People crawled out of their homes and called out the names of their loved ones, who called back. Many circled their houses, assessing damage. Some just stood and stared at the huge trees that had ruled over the neighborhood like protective giants. Now they rested on smashed cars, laid in the streets and leaned on houses.
I stopped a man named Tim Martin who already seemed to sag with sadness and resignation. "My house got totally destroyed," he said. "My neighborhood's gone."
People who had friends and family in North Minneapolis began to drive in to check on them. Soon the roads were jammed -- because the cars just couldn't get anywhere. By that time everyone was in their yards or the streets, talking on cellphones, talking to each other -- and there was an atmosphere that reminded me of a block party.

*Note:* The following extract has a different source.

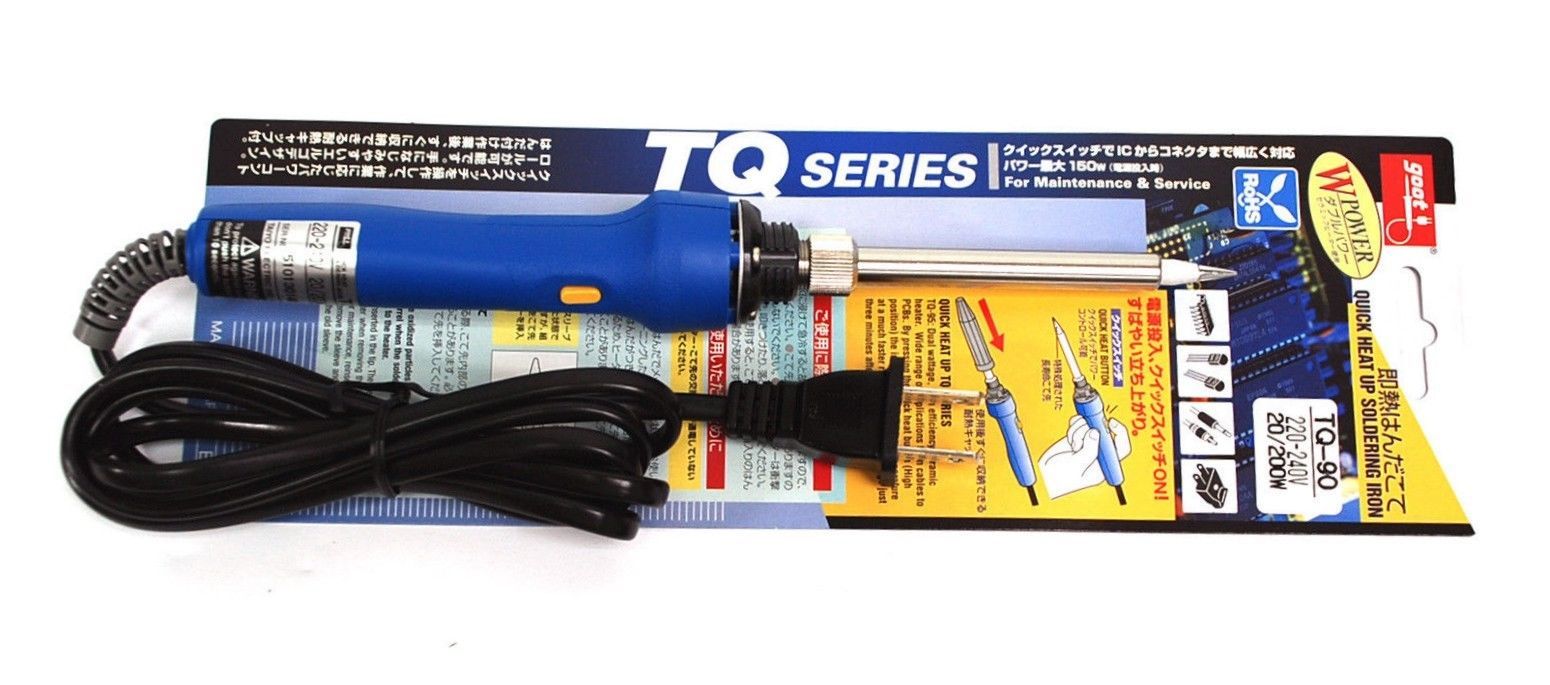  1 * Goot TQ-95 Lötkolben 20W-200W schnelle Hitze 220V Japan MADE0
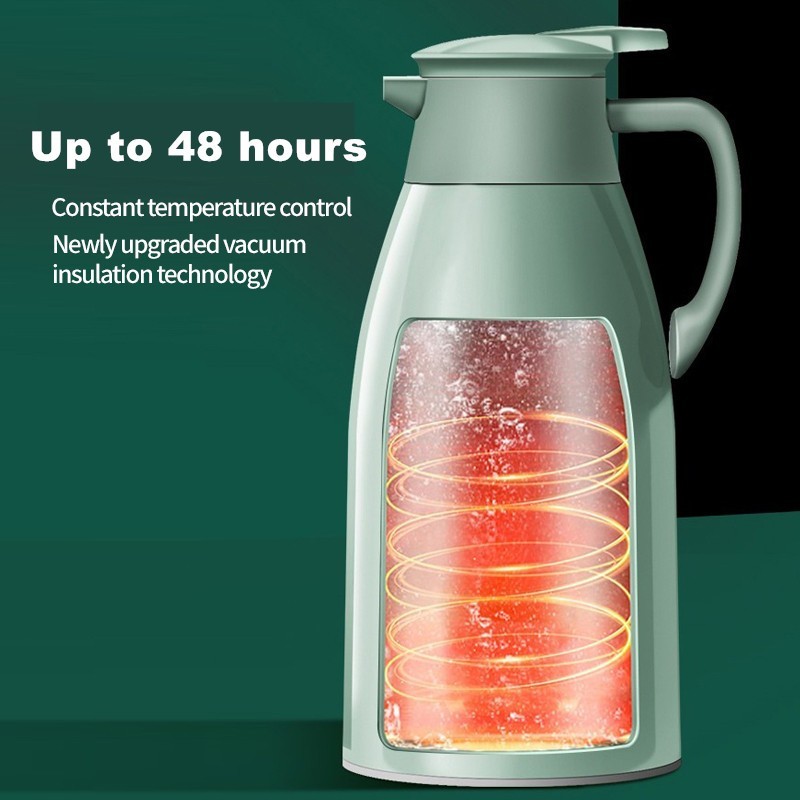 Thermal flask Small Household thermos High capacity Kettle Glass liner Insulation pot Thermos Kettle Cup Multi-capacity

Into this came the emergency responders. They drove their big vehicles up around the traffic jam, through yards, leaving deep, wide and muddy scars. The vehicles moved fast, and people in their path scattered, screamed, shouted and swore.
I was among the people running. When I stopped, I was at the bottom of a hill, at an intersection roped off by yellow police tape. People were huddled in groups, watching police take away the body of a man who had died when a branch went through his windshield. I talked to many people who couldn't do anything more than shake their heads and say how sad and shocked they were.
Still, people were having a hard time realizing they might not be able to stay in their homes. Some simply couldn't believe the extent of the damage. Others were afraid if they left someone would steal something from their property - and that did happen in the days after the tornado.
I talked to a mother named Tamara Keeler, who had lost the roof of her house, several windows and the garage. But she and her daughter were set on staying there that night.
"We put our mattresses in our living room," she said. "And we got all of our candles out in case we need to light them."
When I was heading out of the neighborhood, I came across a road that had two huge sets of power lines lying across it. I'd have to walk two blocks extra to get around. As an example of how dangerous the area was after the tornado: I stood there for a few minutes, wondering if I could climb across the power lines. I might have done it. Luckily, a woman walking by just said, "No. Do not do that." And I came to my senses.
As I was walking those two extra blocks I kept looking at all the kids running around and hoping they were smarter than me. Not surprisingly, they were; no power line-related injuries were reported.
I got word that buses were waiting nearby to take people to shelter. It took me an hour to drive roughly a mile to the site. I found dozens of empty city buses idling in a parking lot. Just one of the buses held two families.
Samantha Hannon sat with her kids, just waiting. She said she'd cry if she talked about what happened, so her young son Lamont took over. He was still excited with all the day's events. He said they'd been walking when the storm hit, and someone pulled over to give them a ride.
"And when we got in her car it started pouring down really, really hard. And then it got a little ... scary," he said. "And my mom she was crying."
I asked Hannon if her house had been damaged. "I already didn't have no house," she said. "I was staying with someone else."
Hannon said her family had been asked to leave that home. Before the tornado, she said she didn't know where she and her children would've stayed that night. Now she had nothing to do but wait to be taken to shelter with the rest of the tornado refugees.